During the Victorian era, roads on the Great Orme were still fairly primitive and the steep slopes prevented all but the most sure footed from reaching the summit. Llandudno was fast becoming a very popular tourist resort, so it wasn't long before local businessmen latched on to the idea of a cable tramway.
The Visitor Centre, which is run by Park Wardens, is designed to promote environmental awareness. The excellent displays and photographs provide a wealth of information about the wildlife and history of the ancient headland. A guided walk leaves from here three times a week and a small gift shop is run by members of the 'Welsh Wildlife Trust'.
A 300 meter, dry Ski Slope and Toboggan Run was created near the Happy Valley in 1986. 'Ski Llandudno' is not only popular with amateur enthusiasts but is of national importance to the sport, as the Artificial Ski Championships are held here each year.
For many years, cavers, archaeologists and geologists have been burrowing deeper and deeper into an old copper mining system beneath the Orme.
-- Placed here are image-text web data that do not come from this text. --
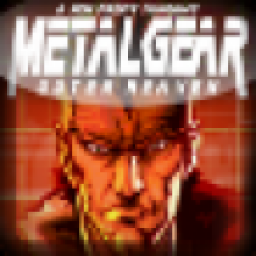 Иконка Metal Gear: Outer Heaven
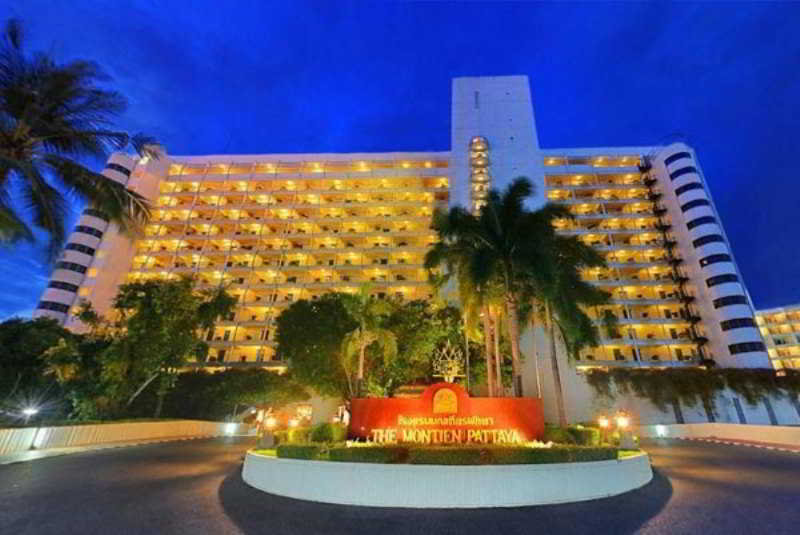 hotel Montien Pattaya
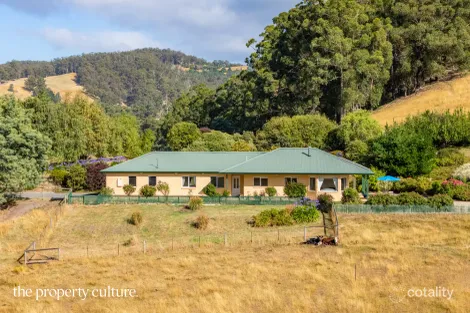Property photo of 39 Slab Road Cygnet TAS 7112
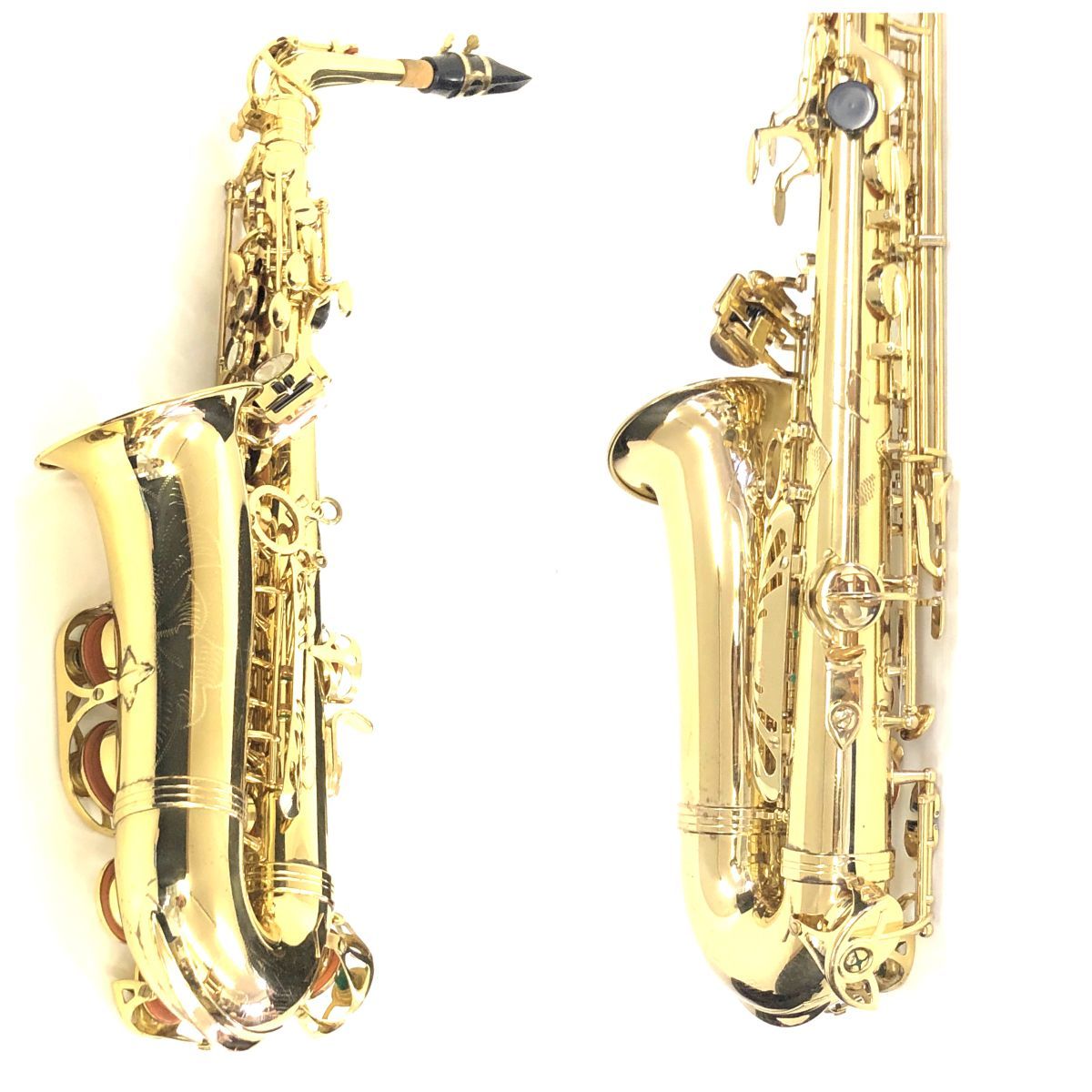 SAVALEY サバレイ SAL-200 アルトサックス サクソフォン ケース付 SAVALEY サバレイ SAL-200 アルトサックス セミハードケース付き 【309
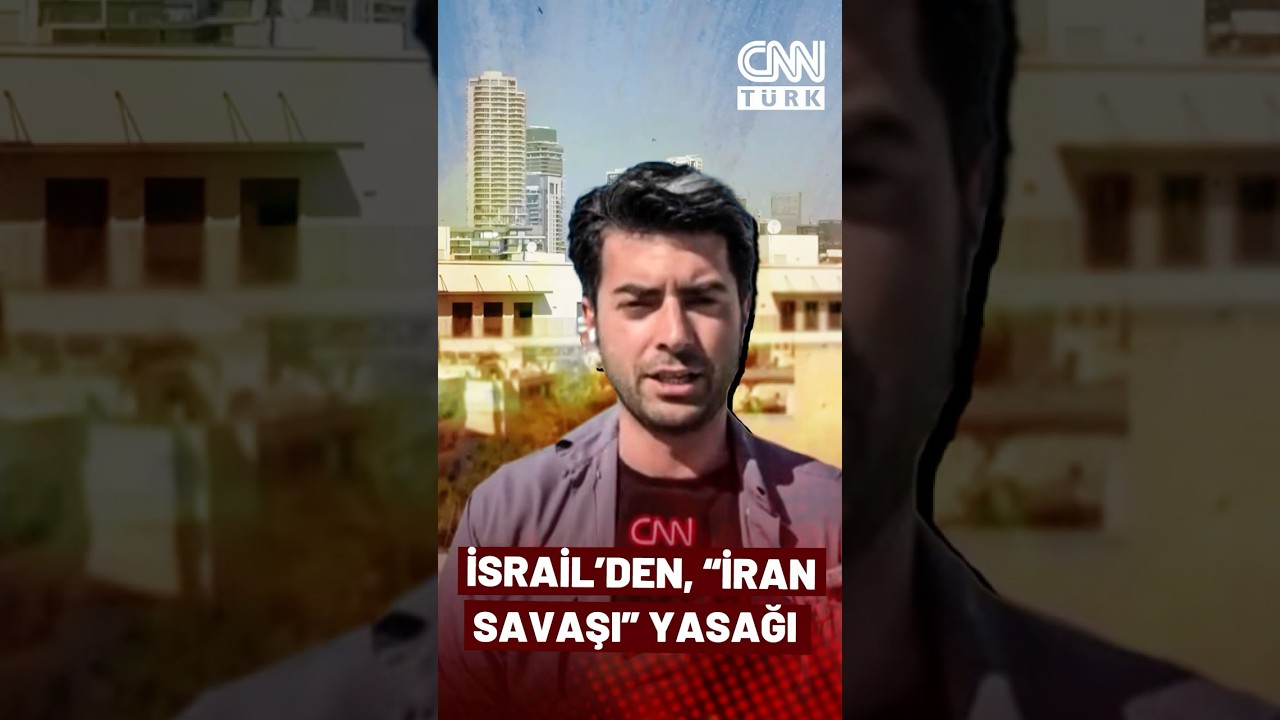 İsrail'den Gazetecilere Yeni Kısıtlama: Artık Siren Sesinin Kaydedilmesi De Yasak!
Members of a group called 'The Great Orme Exploration Society' discovered that some of these tunnels dated back to the Bronze Age, some 4,000 years ago . Then in 1991 a company called 'Great Orme Mines' opened up part of a Bronze Age Mine to the public. The Centre they created will give you a fascinating insight into the lives of these prehistoric people, by allowing you to go on an underground visit, watch an audio-visual display and observe archaeologists at work.
The Old Rectory Tea Gardens are situated part way up the zig-zag road, leading from the Marine Drive to St Tudno's Church. Once known as Dolfechan Farm, this attractive cafe is now famous for its colourful gardens and prize winning flower beds.